* Description of the task *
Here are some records; quote them exactly, leaving out the pictures.

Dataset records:
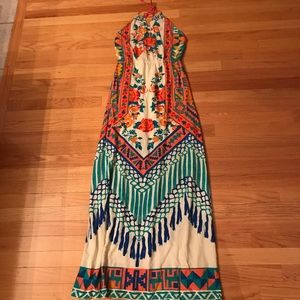 🌸🌺Adorable maxi halter dress 🌸🌺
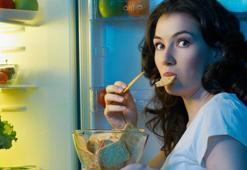 Bu yiyeceklerden uzak durun, 10 kat daha hızlı yaşlandırıyor! İşte yaşlandıran 6 gıda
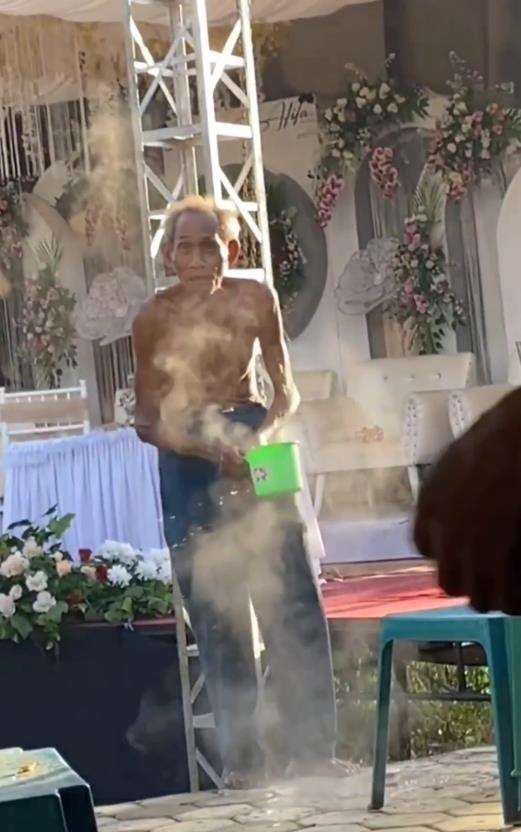 Kakek sakti cuci muka tangan dan kaki pakai air panas mendidih.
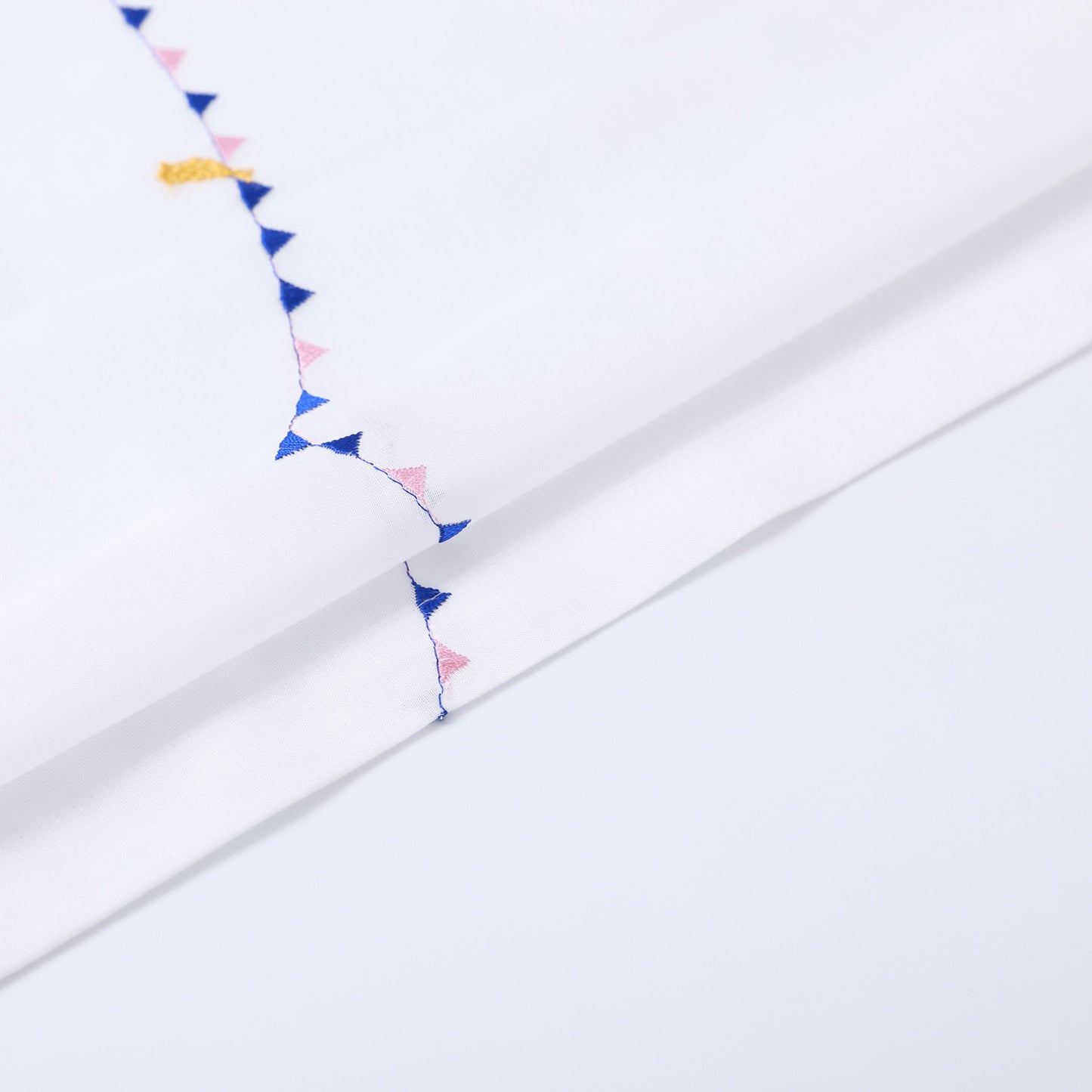 DL9530 is a flame-retardant, privacy-blocking, UV-cut, mirror lace curtain with a soft texture.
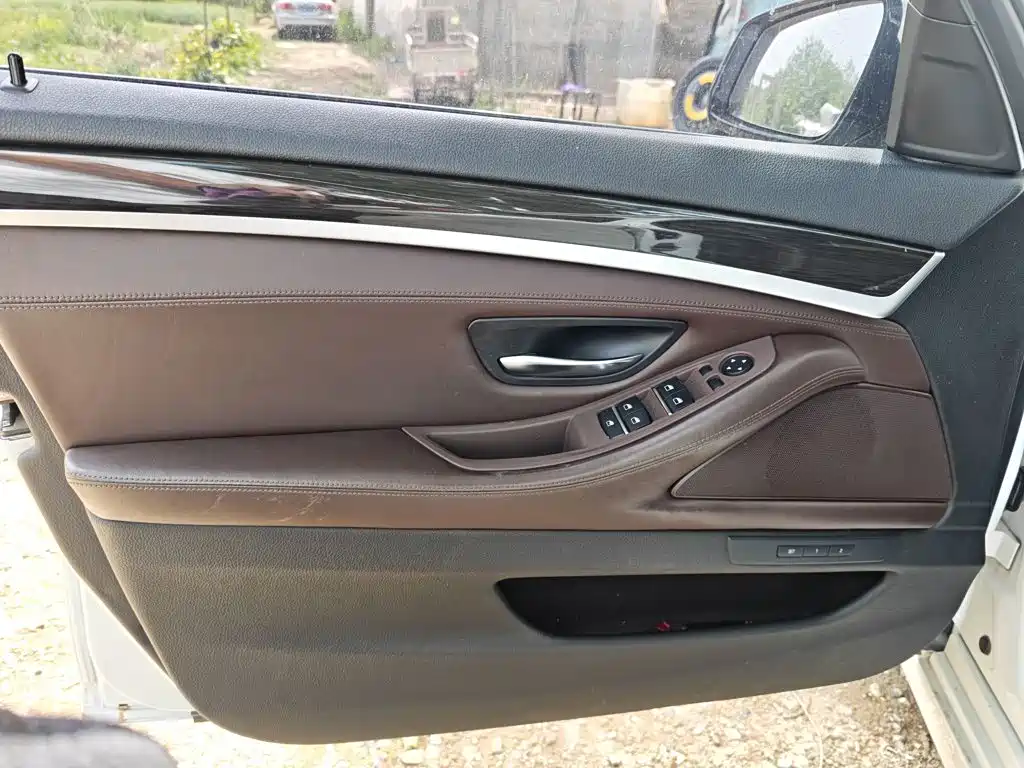 BMW 5 Series — миниатюра 17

* Exercise response *
 🌸🌺Adorable maxi halter dress 🌸🌺
 Bu yiyeceklerden uzak durun, 10 kat daha hızlı yaşlandırıyor! İşte yaşlandıran 6 gıda
 Kakek sakti cuci muka tangan dan kaki pakai air panas mendidih.
 DL9530 is a flame-retardant, privacy-blocking, UV-cut, mirror lace curtain with a soft texture.
 BMW 5 Series — миниатюра 17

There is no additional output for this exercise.